I suggest to also move all term definitions in the RO-Crate context to use HTTPS for schema.org. Not only is https more secure, but it would also provide consistency in the used scheme. This makes it easier to work with the specification, especially for less experienced users.

dnlbauer commented 3 weeks ago

Why mixing schemes can be problematic

Algorithms working with JSON-LD usually treat term definitions and the IRIs they expand to as string literals. For example, the IRIs https://schema.org/author and http://schema.org/author convey the same meaning to a human reader (and they in fact point to the same resource due to HTTP redirection), but software operating on these terms treat them as being different strings and thus different terms.

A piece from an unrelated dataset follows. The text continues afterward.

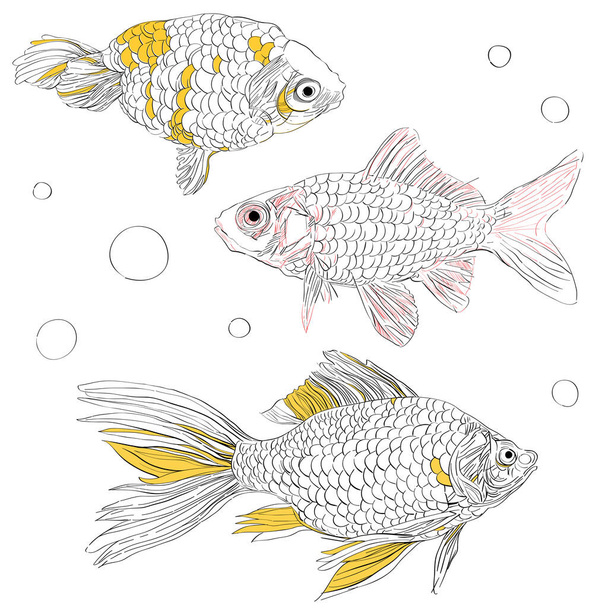 Beyaz, el çizimi sanatsal çizimlere izole edilmiş üç Japon balığından oluşan bir resim serisi. - Fotoğraf, Görsel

This can quickly lead to bugs in cases where multiple contexts are mixed that do not use schemes uniformly.

Example

The following excerpt from an RO-Crate defines a dataset with an author. As suggested by the specification, it uses the RO-Crate context with HTTPS. Additionally, it uses type coercion to allow to reference the authors @id directly as string, without using a construct such as {"@id": "https://orcid.org/0000-0001-9447-460X"}.

{
  "@context": [
    "https://w3id.org/ro/crate/1.1/context",
    {
      "author": {
        "@id": "https://schema.org/author",
        "@type": "@id"
      }
    },
  ],
  "@graph": [
    {
      "@id": "./",
      "@type": "Dataset",
      "name": "Test",
      "author": "https://orcid.org/0000-0001-9447-460X"
    },
    {
      "@id": "https://orcid.org/0000-0001-9447-460X",
      "@type": "Person",
      "name": "Daniel Bauer"
    }
  ]
}

Without looking into the RO-Crate context, it's reasonable to use https://schema.org/author here, isn't it? After all, the RO-Crate context is also using HTTPS, so what could possibly go wrong.

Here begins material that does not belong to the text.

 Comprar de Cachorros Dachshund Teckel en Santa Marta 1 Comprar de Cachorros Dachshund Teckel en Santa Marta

Well, expanding this document (i.e. with the library pyld), leads to the document shown below. All terms are now represented with HTTP-based IRIs, except for the author, which now uses HTTPS.

[
  {
    "@id": "./",
    "@type": ["http://schema.org/Dataset"],
    "https://schema.org/author": [
      {"@id": "https://orcid.org/0000-0001-9447-460X"}
    ],
    "http://schema.org/name": [
      {"@value": "Test"}
    ]
  },
  {
    "@id": "https://orcid.org/0000-0001-9447-460X",
    "@type": ["http://schema.org/Person"],
    "http://schema.org/name": [
      {"@value": "Daniel Bauer"}
    ]
  }
]

If we flatten this graph to a different context, i.e. only using the RO-Crate context to eliminate the type coercion, not all terms are flattened to the expected context due to this scheme mismatch:

{
  "@context": "https://w3id.org/ro/crate/1.1/context",
  "@graph": [
    {
      "@id": "./",
      "@type": "Dataset",
      "name": "Test"
      "https://schema.org/author": { "@id": "https://orcid.org/0000-0001-9447-460X" }
    },
    {
      "@id": "https://orcid.org/0000-0001-9447-460X",
      "@type": "Person",
      "name": "Daniel Bauer"
    }
  ]
}

While this could easily be resolved by using the HTTP form of schema.org for the type coercion of the author, I feel that errors like this can arise too easily with the current RO-Crate specification that suggests HTTPS for the context, but uses HTTP internally.

Especially for the inexperienced user, it's very hard to spot this subtle difference. By being more consistent (=using HTTPS everywhere), we can circumvent such problems.